─── Provided records ───

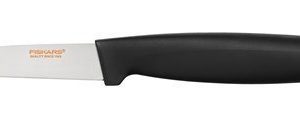 Fiskars FF Kuorimaveitsi 7 cm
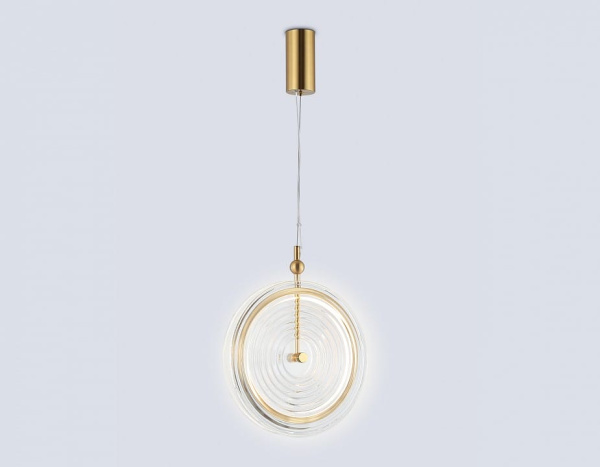 Подвесной светильник Ambrella Light LH LH31123
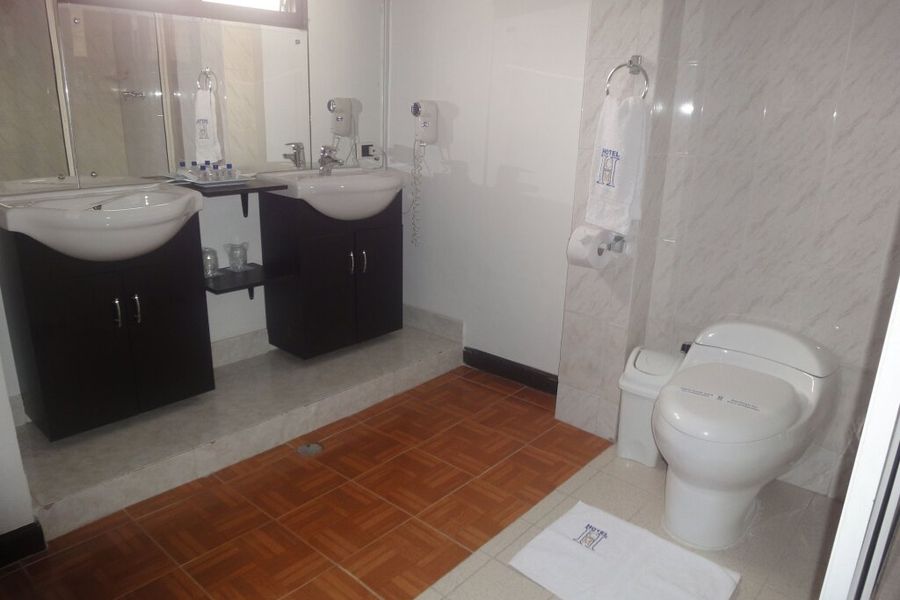 photo-3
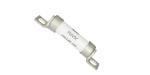14x51mm Cylindrical Low Voltage Fuses Mini Size Energy Storage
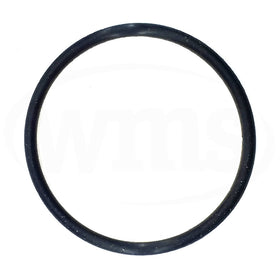213427-7 Makita O-Ring 30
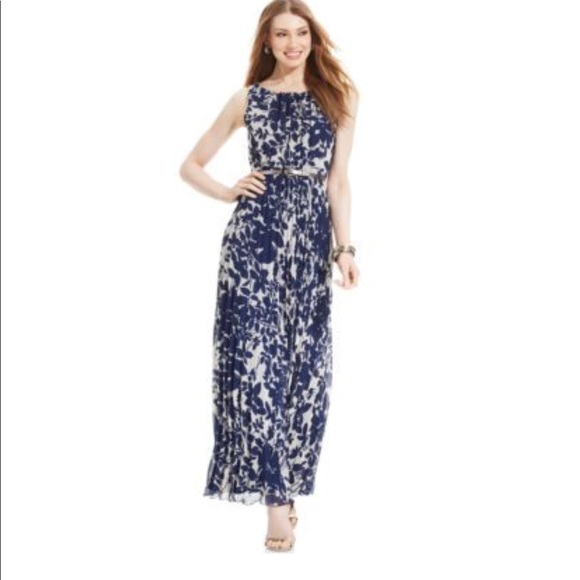 jessica howard chiffon dress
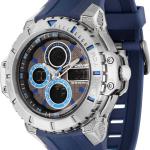 8e61e664b5e011eeb0e8f4b5204b59d0_51643a19f2a511ef880dfa163e9ac4c1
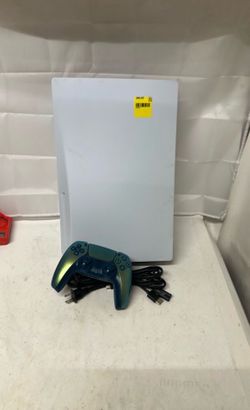 Used once good quality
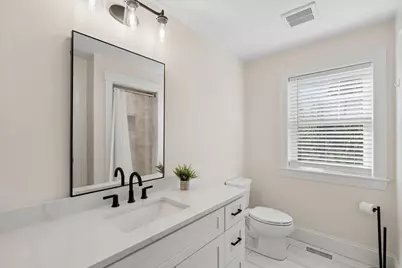 44 California, Tewksbury, MA 01876 - Photo 32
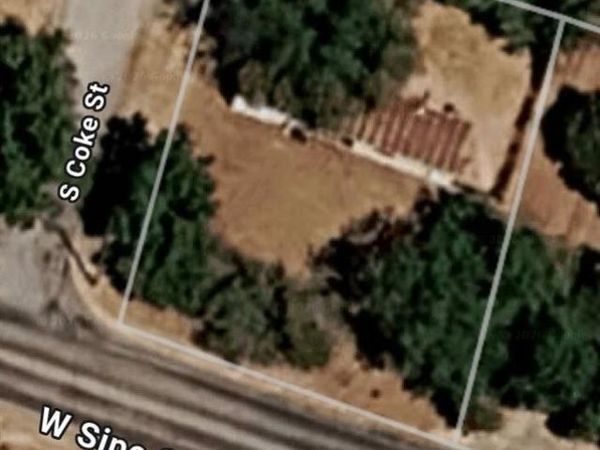 533 W Sipe Springs Road , De Leon, TX 76444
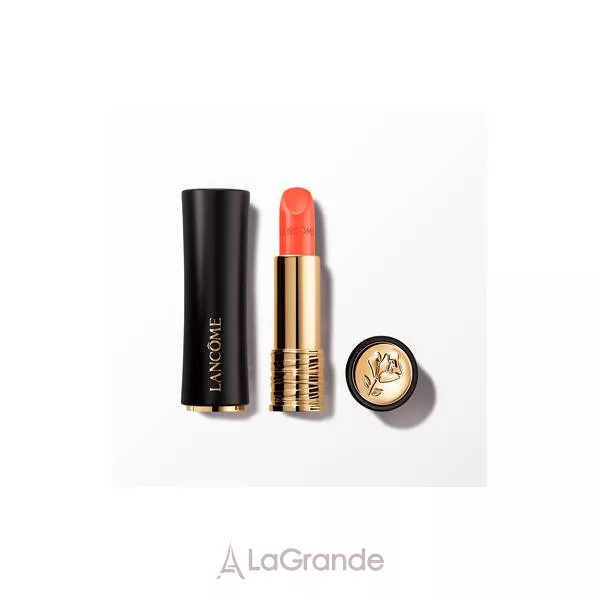 Lancome L'Absolu Rouge Cream New ������ ��� ���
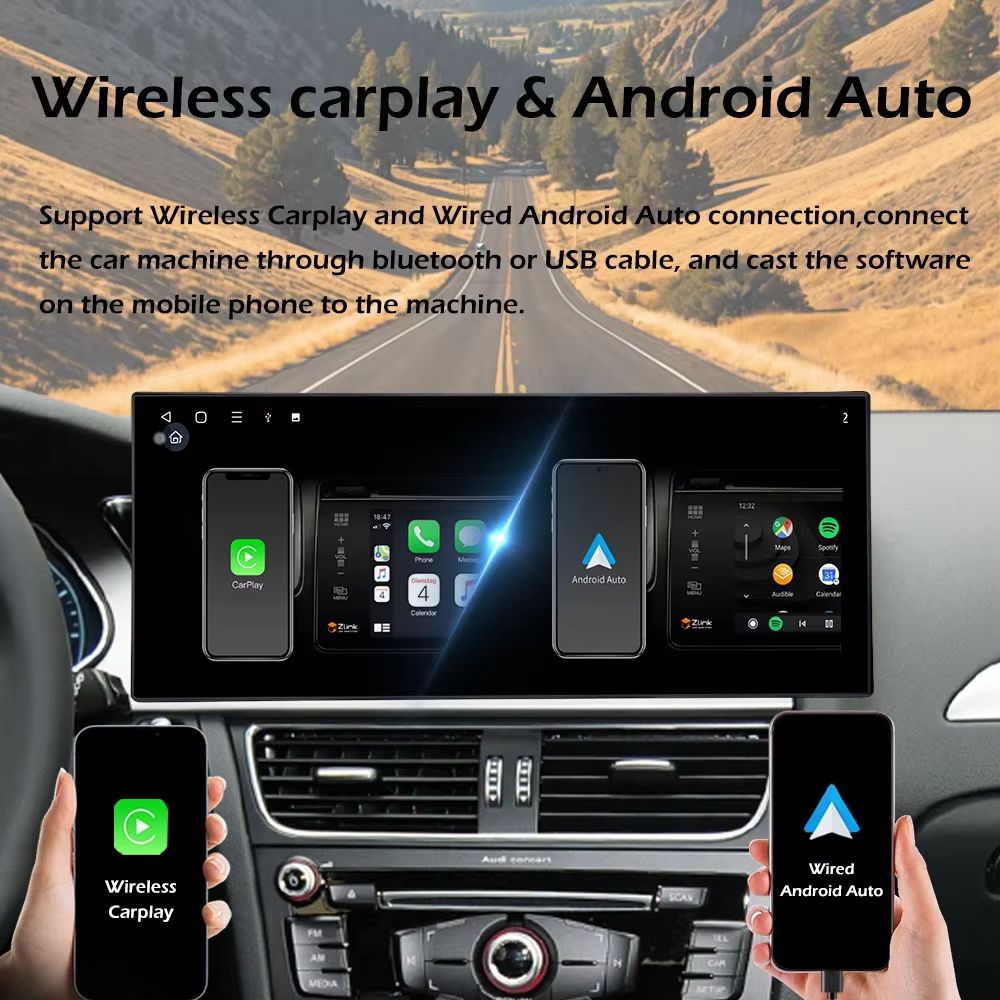 FOR Audi Q3 2013 2014 2015 201 - Car Accessories In India ulasan dan harga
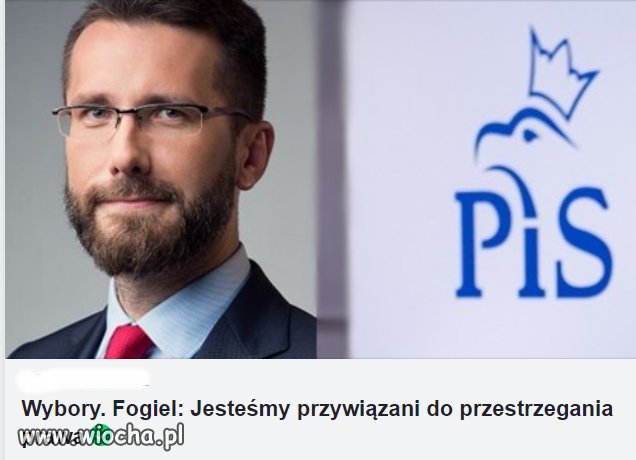 Jeśli tak to o co im się rozchodzi z tym senatem?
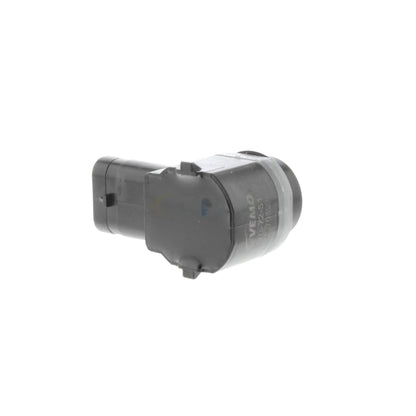 VEMO Sensor, parking distance control V20-72-5192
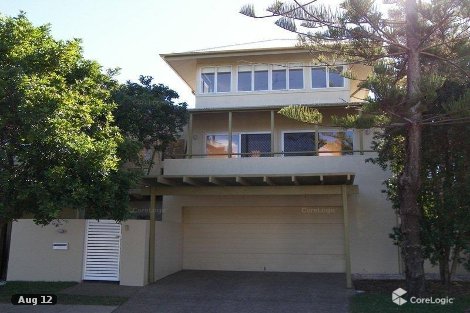 7 Rankin Pde, Main Beach, QLD 4217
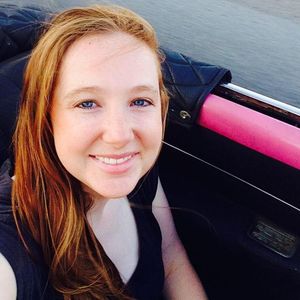 Lucy Anderson Obituary Denver, Colorado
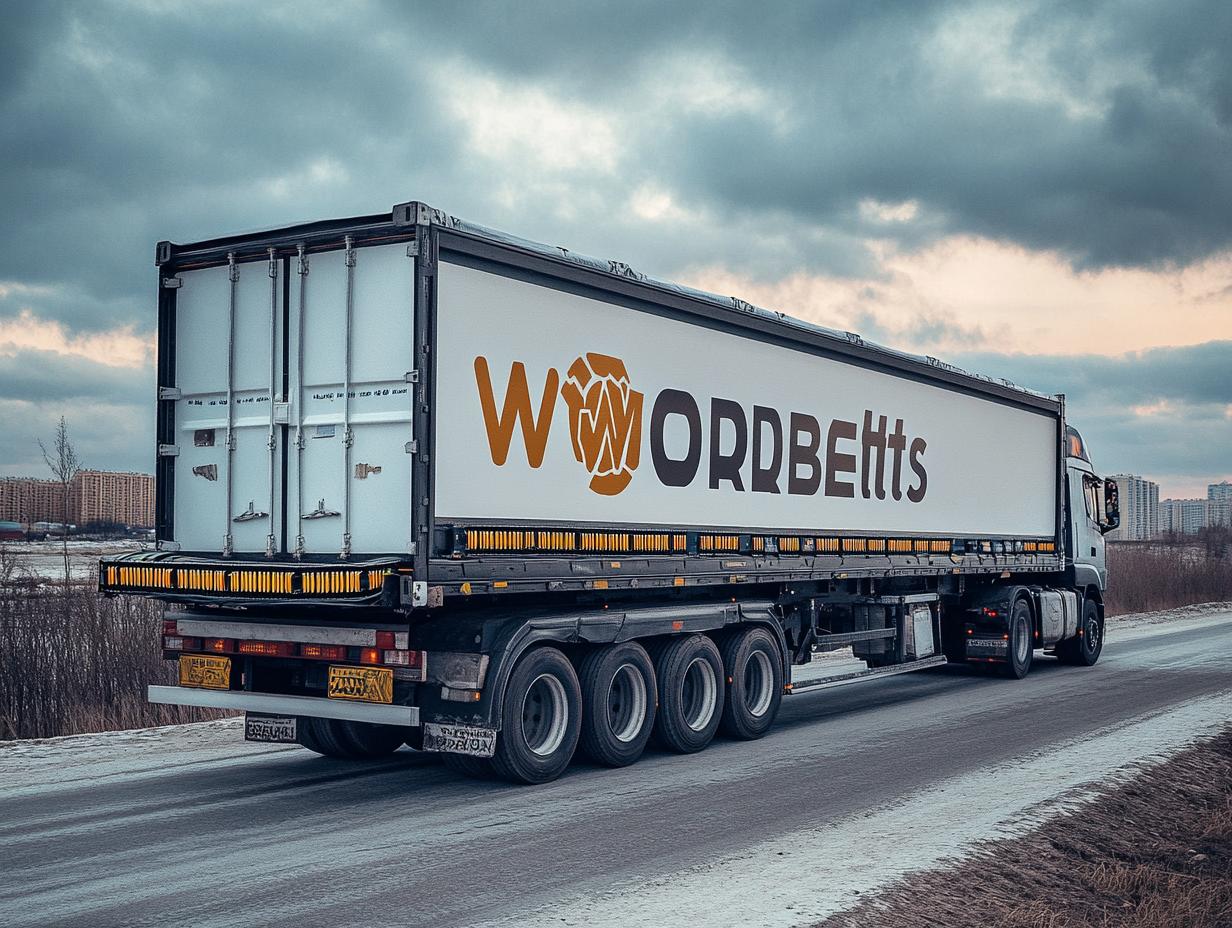 Производство зубчатых приводных ремней RPP, HTD, XL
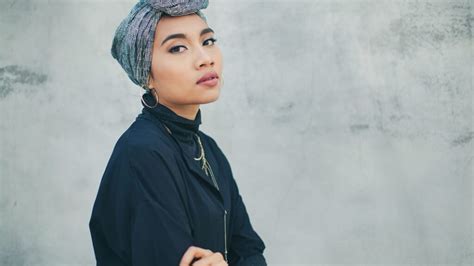 Yuna's Legacy of Strength and Inspiration: Embracing the Path Forward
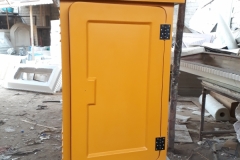 frp-karachi-supplier-manufacturers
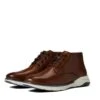 Florsheim Frenzi Plain Toe Chukka Boot
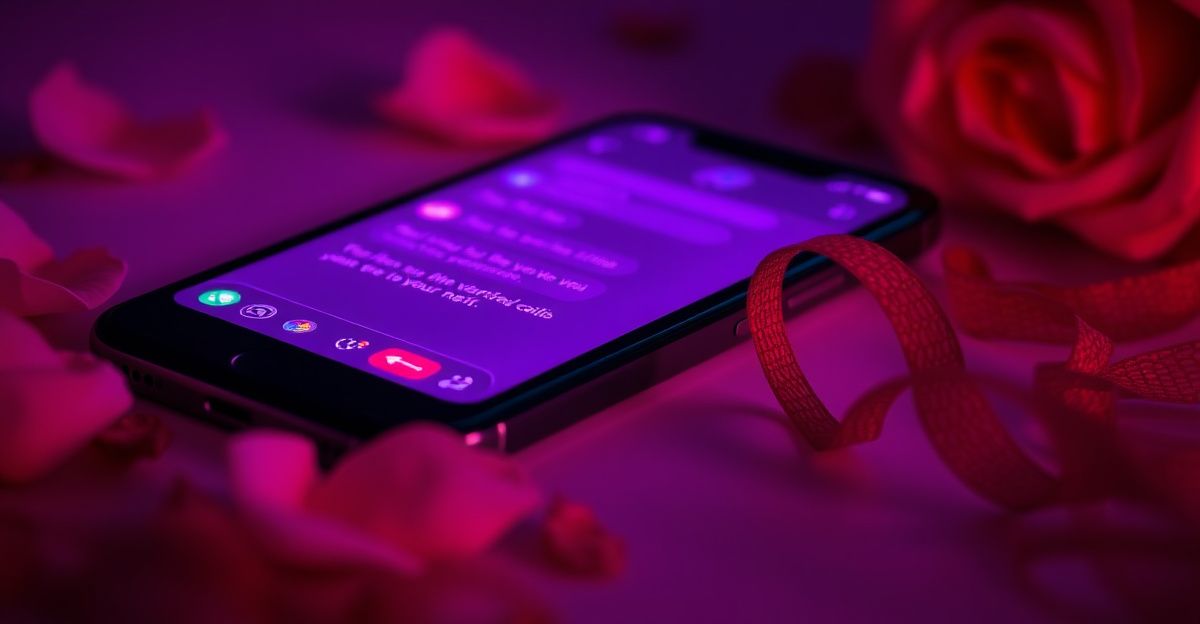 Kod promocyjny Flirtify - aktualne zniżki i bonusy 2026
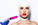 Beauty Editorial: Botched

───

» To do: Each line from the one containing "7 Rankin Pde, Main Beach, QLD 4217" to the final line of the data must be printed exactly, both included, with nothing else and no pictures.

» Response to this task:
 7 Rankin Pde, Main Beach, QLD 4217
 Lucy Anderson Obituary Denver, Colorado
 Производство зубчатых приводных ремней RPP, HTD, XL
 Yuna's Legacy of Strength and Inspiration: Embracing the Path Forward
 frp-karachi-supplier-manufacturers
 Florsheim Frenzi Plain Toe Chukka Boot
 Kod promocyjny Flirtify - aktualne zniżki i bonusy 2026
 Beauty Editorial: Botched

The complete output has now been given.